Türkiye'nin hem ülke içindeki Kürtlerle hem de Irak'taki Kürtlerle ilişkilerinin "tarihi dönüşümden geçtiğini" ifade eden Gordon, Irak'taki Kürtlerle "şiddet ve terörün sona erdirilerek karşılıklı ticaret, saygı ve güvenliğe dayalı bir ortama yöneldiğini ve bundan memnuniyet duyduklarını" söyledi.
Bir soru üzerine, Türk medyasının da ABD medyası kadar aktif olduğunu belirten Gordon, "demokrasinin, özgür ve açık medyayla olabileceğini, özgür medyanın haklarını kısıtlayacak şekilde tasarlanıyor gibi görünen faaliyetlerden her zaman endişe duyduklarını" ifade etti. Gordon, özgür olan ile olmayan ülkelerin karşılaştırılmasında medyanın durumunun belirleyici rol oynadığını dile getirdi.

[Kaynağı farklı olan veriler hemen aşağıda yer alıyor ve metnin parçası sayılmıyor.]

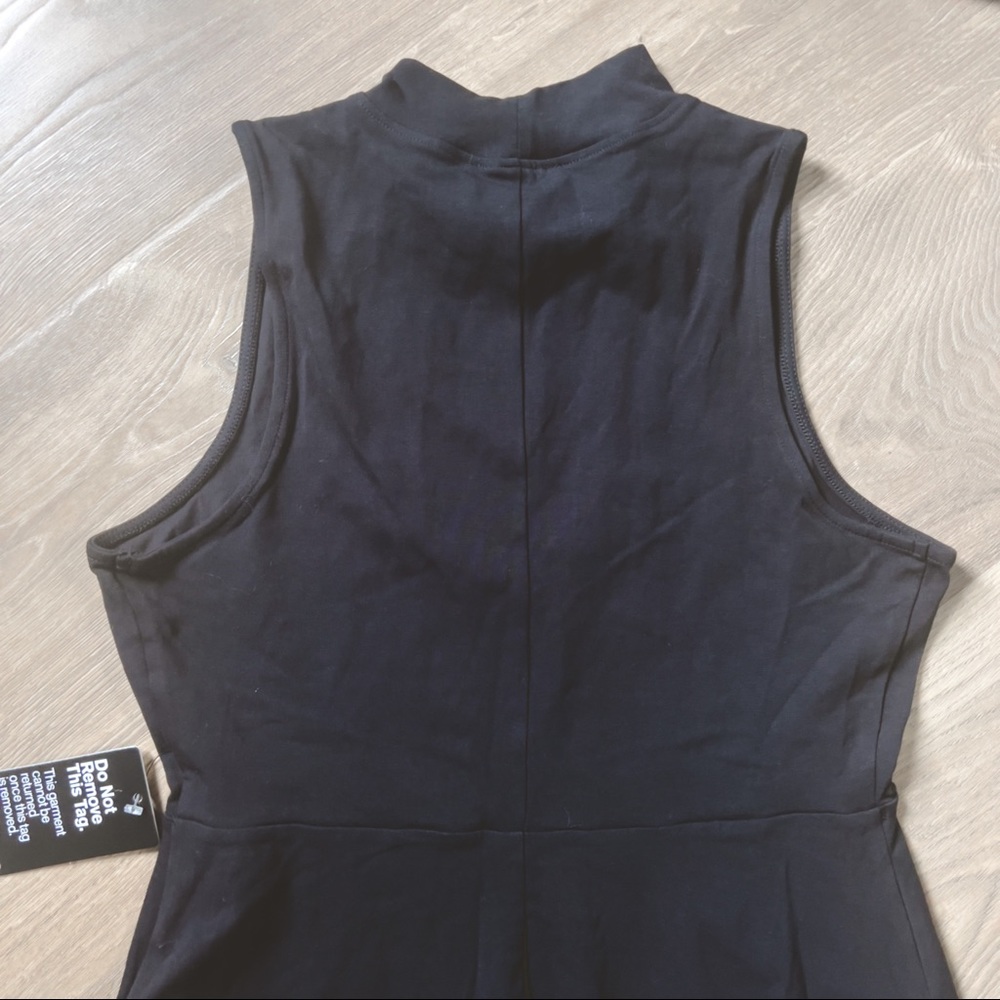 Express Dress - Picture 3 of 4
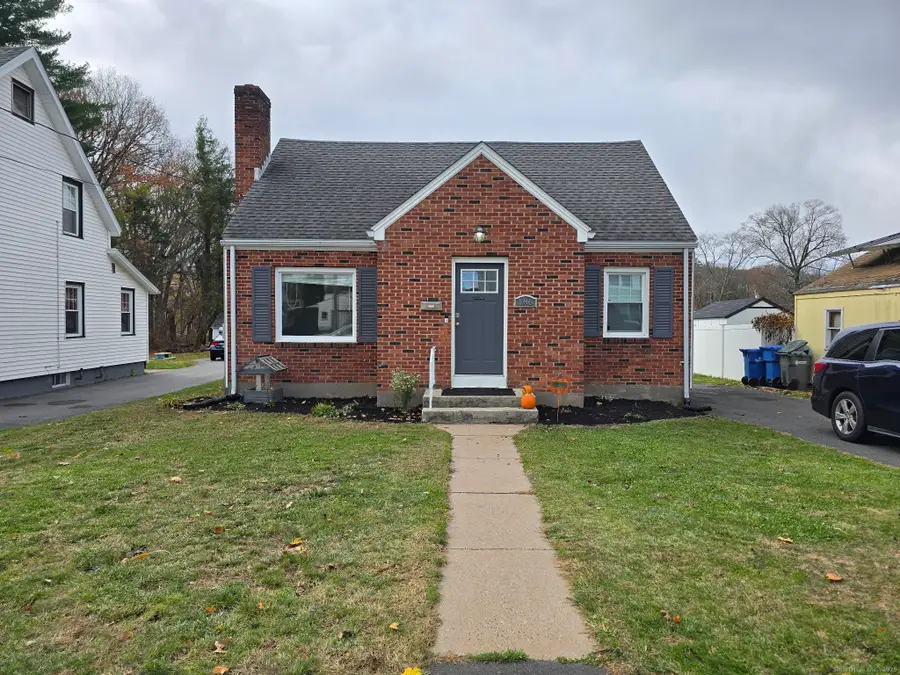186 Irving Street, Manchester, CT 06042 - Image #2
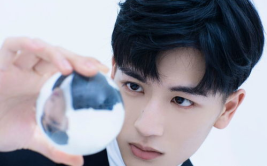 娱乐吃瓜张凌赫,从流量新星到话题焦点，娱乐圈的“瓜中瓜”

Gordon, Türkiye'nin en hızlı büyüyen ekonomilerden biri olduğunu ve karşılıklı çıkarlarda bunu dikkate aldıklarını belirtti.
'Baskı yapmak istemiyoruz'
ABD Dışişleri Bakanlığının Avrupa ve Avrasya'dan Sorumlu Bakan Yardımcısı Philip Gordon, Ermeni tasarısı ile ilgili Türkiye'ye baskı yapmak istemediklerini belirtirtti.